A basic class definition is given; which has to be tested and implemented. By starting with the test-part, which is advisable anyhow (the TDD approach), the exercise starts simple.

A few test-examples are also given. This file can be used as ‘template’ to write your own tests.

dPID articles¶

dPID: The dPID class¶

status: RC-1.0

This article shows the dpid.PID documentation, as specified in the python file.

It specifies the interface to a discrete-PID-controller. Study it to understand how the class should be used. Then start writing python code to test it.

Attention

Its’ a python-coding exercise

When part of this controller is 100% clear, just assume it is working correctly. And fill in the details as needed. Use that as base for your test-code.

At least, eventually, the class and the code are consistent. So, future changes will not invalidate current (assumed) behaviour; without notice.
During normal development, such details should be incorporated into the doc-string; possible after discussion and/or approval
For the ‘homework-goal’ the exact working isn’t that relevant. Fill in details as needed; focus on writing python-code!

class dpid.dPID(P, I, D, min_result=None, max_result=None)¶

A simple discrete-PID controller, as an exercise.

This PID-controller can be initialised with constantes for P, I and D; which can’t be changed afterwards. Optional, a minimum and maximum output value can be given; both during initialisation, and later.

The controller has two inputs: setpoint() and measured(), and one output: result(). Those inputs can be set/updated independently. Similarly, the result() can be read at any-moment. As the controller will remember the timestamp a values changes (and knows when the result is read), it will always give the correct output. Thus, that output value does depend on the timestamp it is requested!

The setpoint() is considered as a step-function: between two changes, it will remain the last value. The measured() value however should be considered as a continuously linear-changing value. So, between two updates of this value, the dPID-controller will interpolate linearly.

When a result() is read during such a period; the PID-controller can’t predict the next-measured-value, however. Therefor, it will (for that single read) assume the measured-value is the same as last-time.

When a maximum and/or minimum value is set, the result() will be clipped to that value when needed. Without a min/max, the result() is unlimited.

Hint

As this class is part of an exercise; no implementation is given.

During the training one should update this file to implement the class without changing the interface.

All (numeric) input & output values are either integers or floats.

setpoint(sp)¶: Set the setpoint: a numeric value.

measured(value)¶

Give the controller an update on the actual measured (or simulated) process-value.

The controller will assume a linear progression between the last update and the current one

result()¶: Return the actual result value

set_min_max(min_result=None, max_result=None)¶: Change the minimum and/or maximal result value.
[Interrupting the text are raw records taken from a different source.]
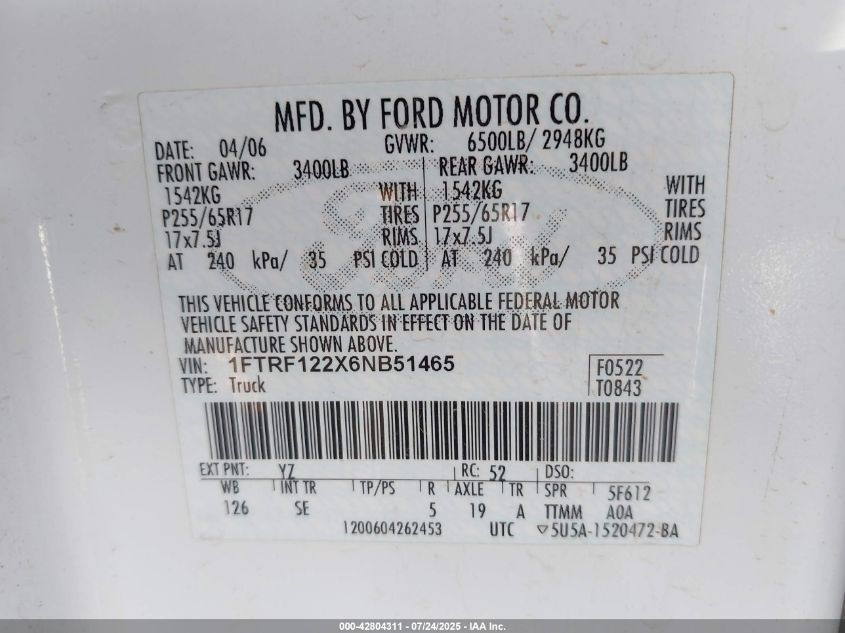 2006 Ford F-150 Stx/Xl/Xlt VIN: 1FTRF122X6NB51465 Lot: 42804311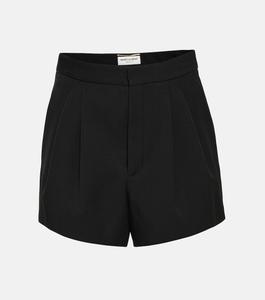 Шорты из натуральной шерсти с высокой посадкой SAINT LAURENT, черный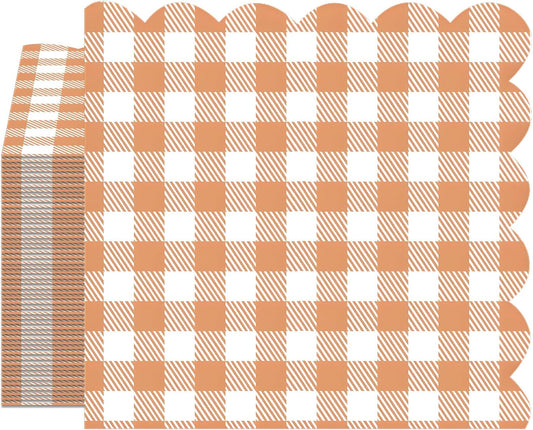 40PCS Cocktail Napkins Orange Checkered Napkins Tangerine and White Disposable Checkered Paper Napkins Orange Party Decorations for Baby Shower Dinner Picnic Halloween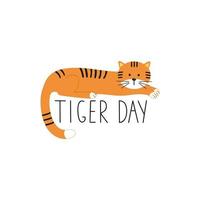 le tigre mignon se trouve le jour du tigre d'inscription. illustration de dessin animé de vecteur. logo d'une entreprise respectueuse de l'environnement, fonds de sauvetage de la nature, parc national. illustration pour enfants. vecteur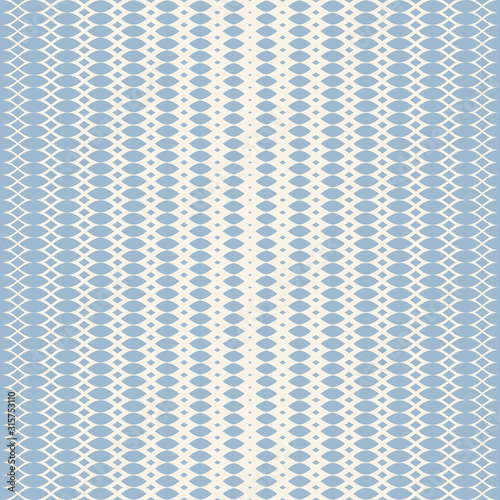 Vector halftone mesh seamless pattern. Blue and beige texture of lace, weave, tissue, lattice, grid. Gradient transition effect. Abstract geometric background. Trendy repeat design for decor, prints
Used to clip the result()

dPID: Exercise¶

status: pre-alpha

TDD-approach¶

Test first¶

First, write some test-files with test-functions that verify the correct working of the dpid.dPID class as specified. Depending on your knowledge of PID-controllers these test may (functionally) vary. The primary goal here is not to program (including testing) a great PID-controller; but to practice your python-skills.

Hint

time-dependent

The dpid.dPID class is discrete; it only calculates the dpid.dPID.result() when requested. This implies the (return) value of dpid.dPID.result() will depend on when it is called (relative to the other methods).
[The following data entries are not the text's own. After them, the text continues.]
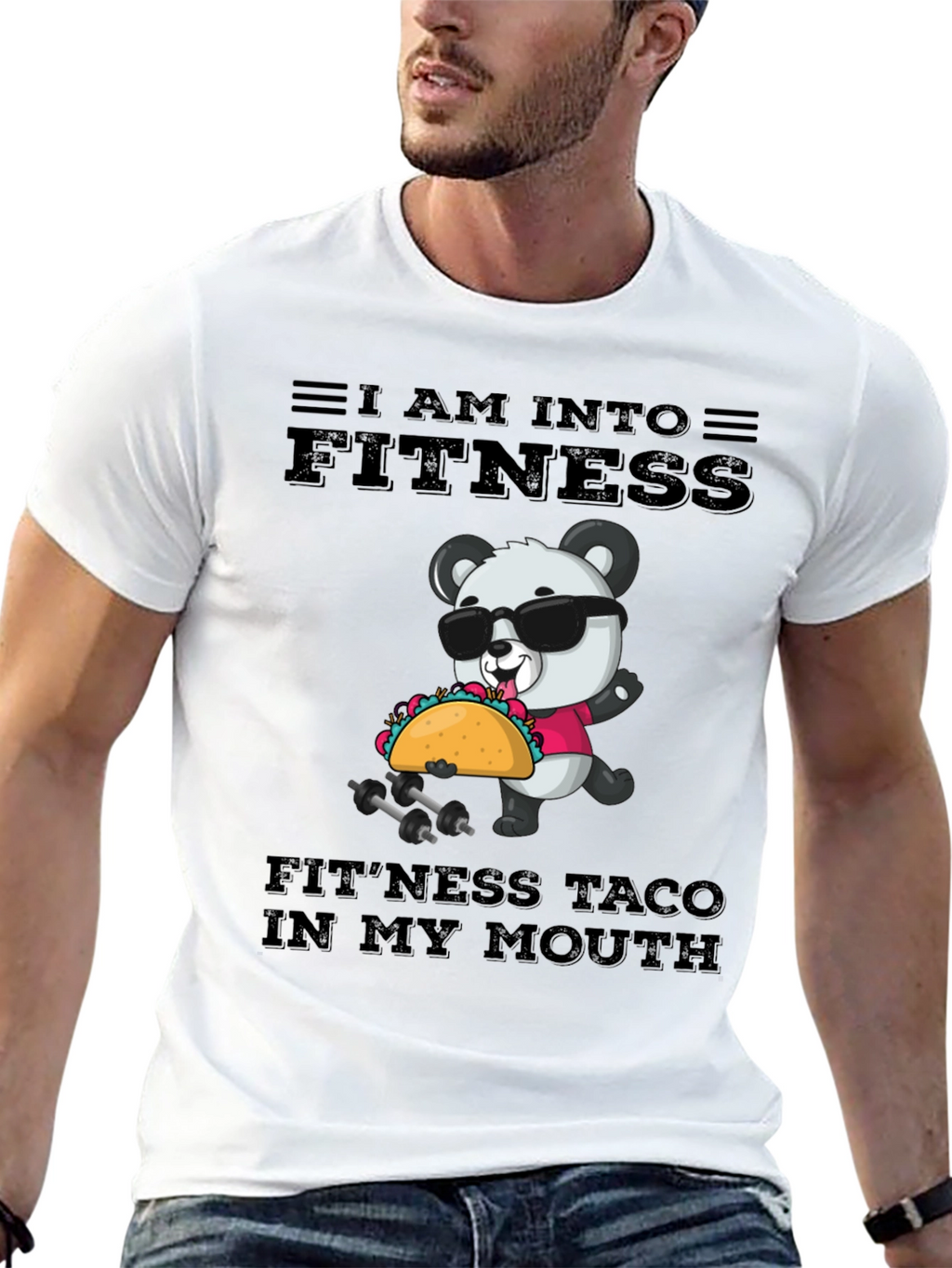Fitness Taco Panda Mens Graphic Tee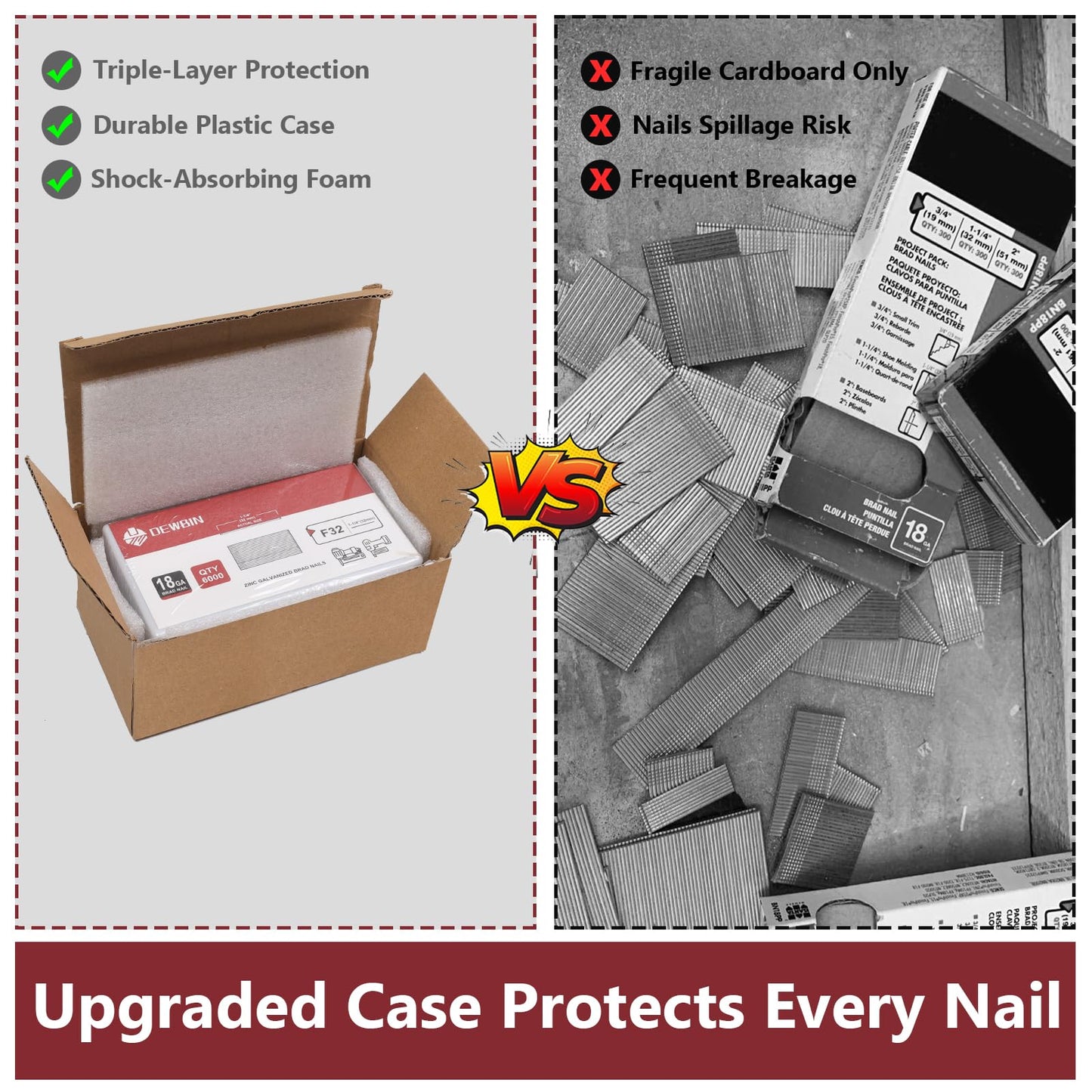 DEWBIN 18 Gauge Brad Nails, 6000 Counts 1-1/4-inch 18 GA Brad Nails, Galvanized Nails for Nail Gun, Finishing Nail Gun Nails for Pneumatic, Electric Brad Nailer Gun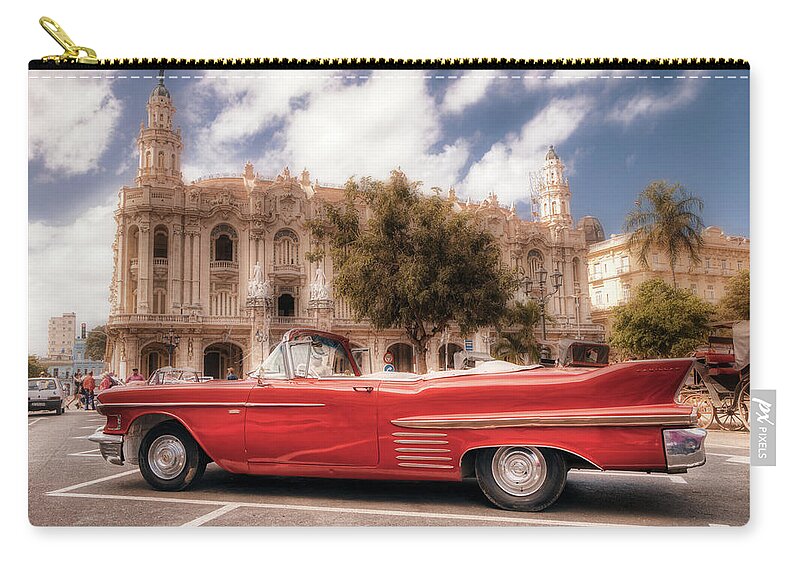 La Habana Carry-all Pouch featuring the photograph A Cadillac and the Hotel Inglaterra by Micah Offman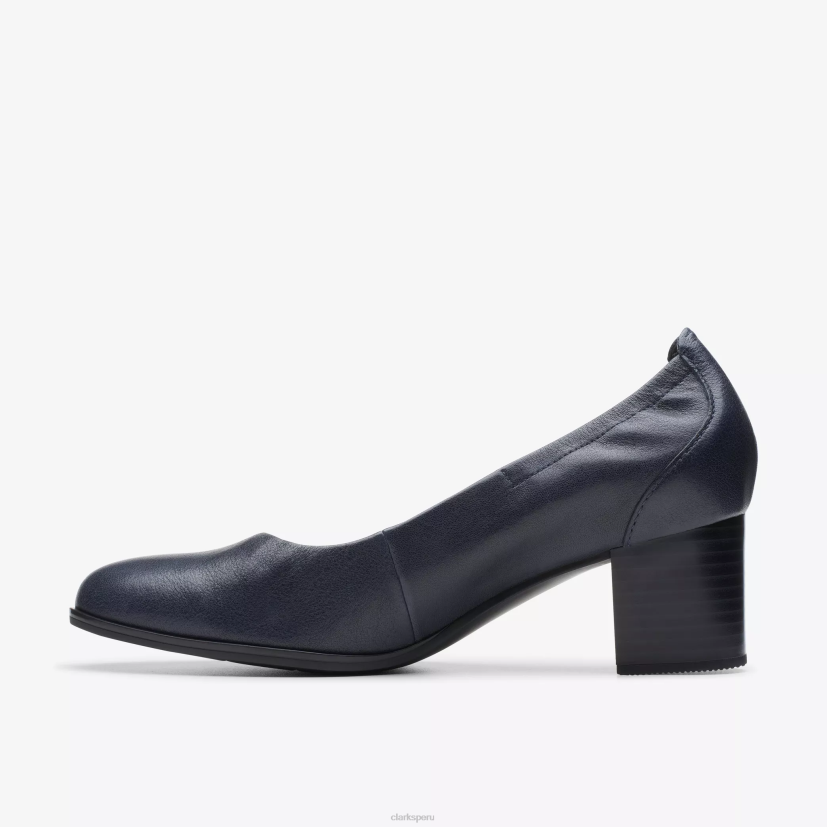 HZVP519 paso cerrado cuero azul marino Clarks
So, timing may be relavant in your (test)-code. One can use time.sleep to controll that. Usa a floating-point parameter for sub-second resolution. Typically, the function is accurate in the milli-seconds range.
Compare using a small MARGIN, to allow derivations due e.g. timing. See the examples.

See also

Convenient python functions

Instructions¶

Use the pytest framework, to shorten test-code.
- Pytest introduction is a summary with everything you need for this exercise.
- You can use Some (py)test examples as template for your own files.
Start by running pytest as shown.
- Reproduce the shown output first, before adding your own files.
- Remember; the output text will differ slightly; for paths, dates etc.
Add a (one) new file: test_<something>.py.
- Copy the start of the file (above the first function); update the copyright.
- Write a single test-function:
  - Create a dpid.dPID instance with known, simple P, I and D settings.
  - Give it a setpoint() and measured() value.
  - Request a result().
  - Assert the returned value is (almost) equal to the pre-computed number.
Run pytest again.
- It should run both the existing example, and the new test-file.
- The test should fail! As the empty class always returns 0, that is easy.
- Watch for syntax and other errors! All, but AssertionError, should be resolved in your code
Repeat, either by adding a test-function to that file, or adding more test-files.
- When needed, you can add auxiliary functions; just don’t use the test-phrase in its name.
- Or continue first with the implementation part. And add more test later (for other functions).
- Each test should be a little more complicated as the existing onces.
- Or better: start with the trivial once. Then the almost-trivial, etc.
  - Start testing a “P-only” PID-controller
  - Then an “I-only”, then a “D-only”. After which you test a simple combination
  - etc.

Code second¶

When a part of the functionality is tested (or at least: there is test-code for), you can start implementing the dPID class. Keep is simple. The only objective is to make one failing test pass.

And improve (refactor)¶

dPID: The code¶

status: RC-1.0

The code of the test-examples and the (empty) dpid.dPID class are shown here. They are exactly as the python-files; but for the highlighting.

Some (py)test examples¶

# Copyright (C) 2017: ALbert Mietus, SoftwareBeterMaken
# Part of my MESS project
# Dropjes licencie: Beloon me met dropjes naar nuttigheid

import pytest

from logging import getLogger
logger = getLogger(__name__)

from dpid import dPID

def test_P():
    MARGIN  = 0.5

    c = dPID(1,0,0)

    c.setpoint(10.0)
    c.measured(10.0)
    out = c.result()

    assert (-1*MARGIN) < out < MARGIN, "result (%s) should be close to zero (MARGIN=%s)" % (out, MARGIN)

def test_clip():
    c = dPID(1,2,3)

    c.set_min_max(min_result=10)
    c.set_min_max(max_result=10)

    for sp in range(-100,100,10):
        c.setpoint(sp)
        c.measured(0)

        got = c.result()
        assert got == 10, "Both min and max are clipped to 10; so result should be 10!. But it is: %s" % c.result()

The class (empty)¶

# Copyright (C) 2017: ALbert Mietus, SoftwareBeterMaken
# Part of my MESS project
# Dropjes licencie: Beloon me met dropjes naar nuttigheid


from logging import getLogger
logger = getLogger(__name__)

class dPID:
    """A simple discrete-PID controller, as an exercise.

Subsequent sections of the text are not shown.